Seite 2: Kein Unterschied zwischen Fluchtrouten mit Rettern und ohne Retter

Der folgende Beitrag ist vor 2021 erschienen. Unsere Redaktion hat seither ein neues Leitbild und redaktionelle Standards. Weitere Informationen finden Sie hier.

Eine weitere Untersuchung kommt auf einem anderen Weg zu einem ähnlichen Ergebnis. Die Untersuchung Blaming the Rescuers stammt von der Initiative "Forensic Oceanography". Die an der University of London angesiedelten Gruppe dokumentiert mithilfe von Satellitenbildern, Geodaten und Augenzeugenberichten die Situation von Flüchtlingen.
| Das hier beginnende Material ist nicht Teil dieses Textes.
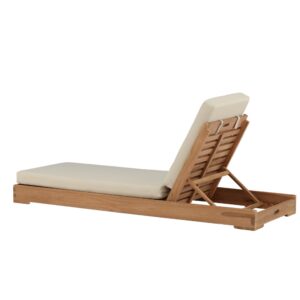 Sunbed – Bain de soleil – Naturel, Beige – 200 x 70 x 14 cm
Sie verglichen die Flüchtlingszahlen von verschiedenen Mittelmeerrouten miteinander. Dabei stellten sie fest, dass es bei deren Aufs und Abs keinen Unterschied gibt zwischen Routen, auf denen Retter präsent sind und jenen, wo sie es nicht sind. So habe zwischen 2015 und 2016, als die ersten NGOs ins Mittelmeer kamen, zwar einen starken Anstieg der Flüchtlingszahlen gegeben. Dies treffe aber ebenso auf die zentrale Mittelmeerroute (Libyen-Italien), auf der Seenotretter präsent sind, wie auf die westliche Route (Marokko-Spanien), auf der keine Rettungsschiffe verkehren.
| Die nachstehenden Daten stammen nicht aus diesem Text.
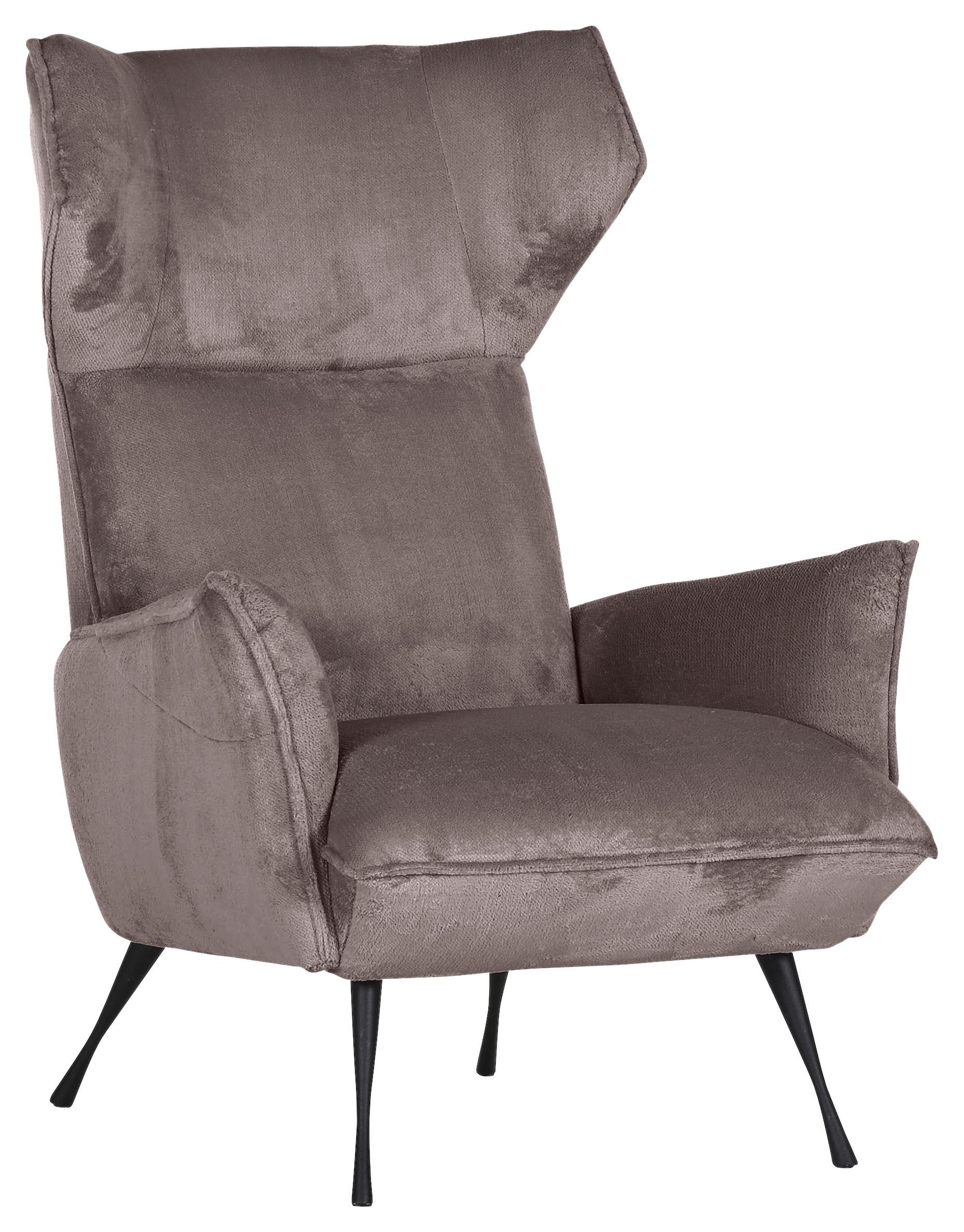 Ohrensessel Lorris - Schlammfarben/Schwarz, KONVENTIONELL, Textil (83/110/92cm) - MID.YOU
Zunehmend gefährliche Überfahrten sind Ursache und nicht Folge von Seenotrettung

Auch mit der Frage, ob Seenotretter nicht dennoch dazu beitragen, dass Schlepper ihre Klienten häufiger auf gefährlichere Überfahrten schicken, hat sich die Gruppe befasst. Tatsächlich habe es seit 2015 eine "Abwärtsspirale" bei der Qualität der Überfahrten gegeben, schreibt das "Forensic Oceanography"-Team. Schlepper würde zunehmend auf hochseetaugliche Boote verzichten, diese außerdem überladen und häufiger bei schlechtem Wetter losschicken. Bei der Frage von Ursache und Wirkung kommt die Studie allerdings zu einem anderen Schluss.
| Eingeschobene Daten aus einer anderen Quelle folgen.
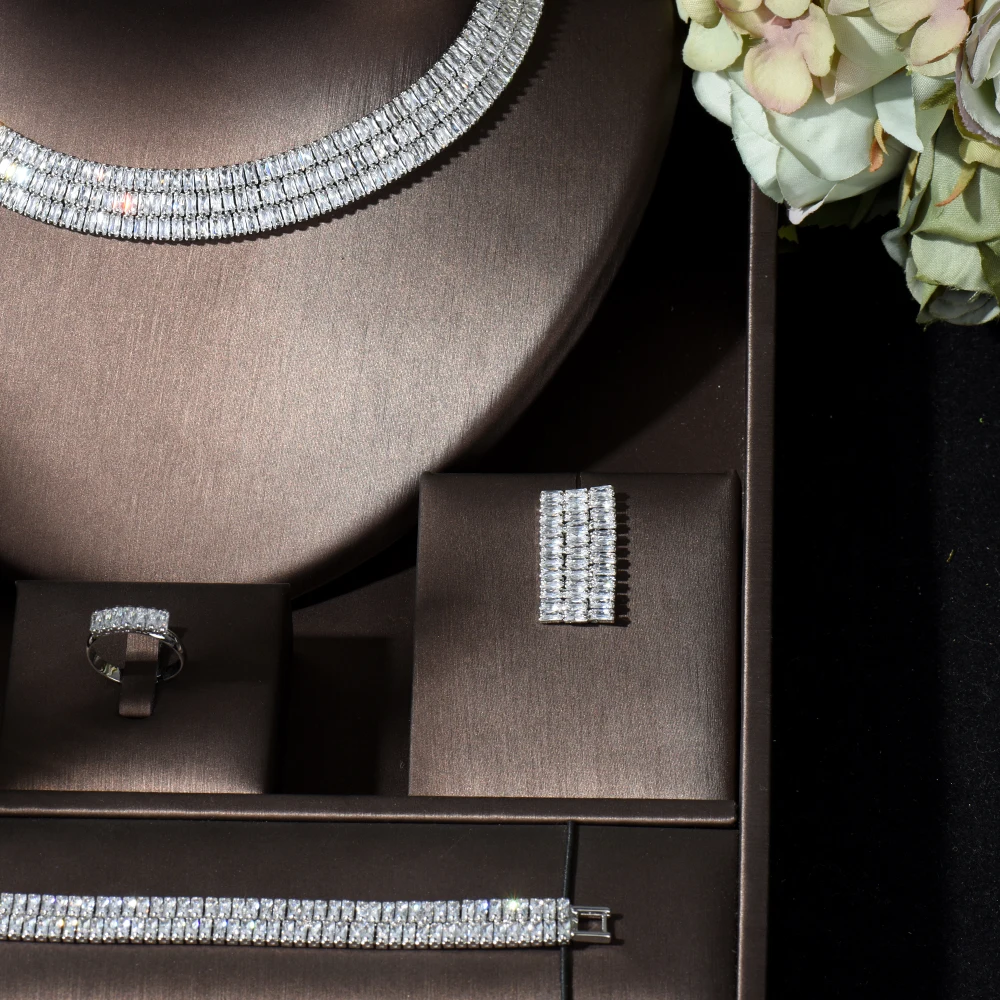 HIBRIDE New Design Simple Baguette Pendant Small Jewelry Set Luxury Cubic Earring Necklace Set Wholesale Women Bridal Party N200 - Image 3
Erst infolge der immer gefährlicher werdenden Überfahrten und gestiegener Todeszahlen hätten NGOs die Initiative ergriffen und ihre Schiffe ins Mittelmeer geschickt. Ursache für die schlechteren Überfahrtbedingungen sei hingegen die Politik von libyschen Behörden, Milizen und EU, die seit 2015 zum Beispiel zunehmend darauf setzen, hochseetaugliche Boote zu zerstören. Die Studienmacher schreiben:

Die Präsenz der NGOs (...) war eine Antwort auf diese Entwicklungen, (...) aber sie war nicht die Ursache für die sich verschlechternden Bedingungen der Überfahrt.

Blaming the Rescuers

Die tatsächliche Ursache für die Zunahme der Flüchtlingszahlen findet die Gruppe in wenig überraschenden Faktoren: Die Krisen und Kriege in den Herkunftsländern, sowie die Situation in Libyen, wo die meisten Flüchtlinge auf eine Überfahrt warten. In Bezug auf die Arbeit der Seenotretter lässt sich hingegen nur der offensichtlichste Zusammenhang belegen: Ihr Einsatz rettet Menschen das Leben.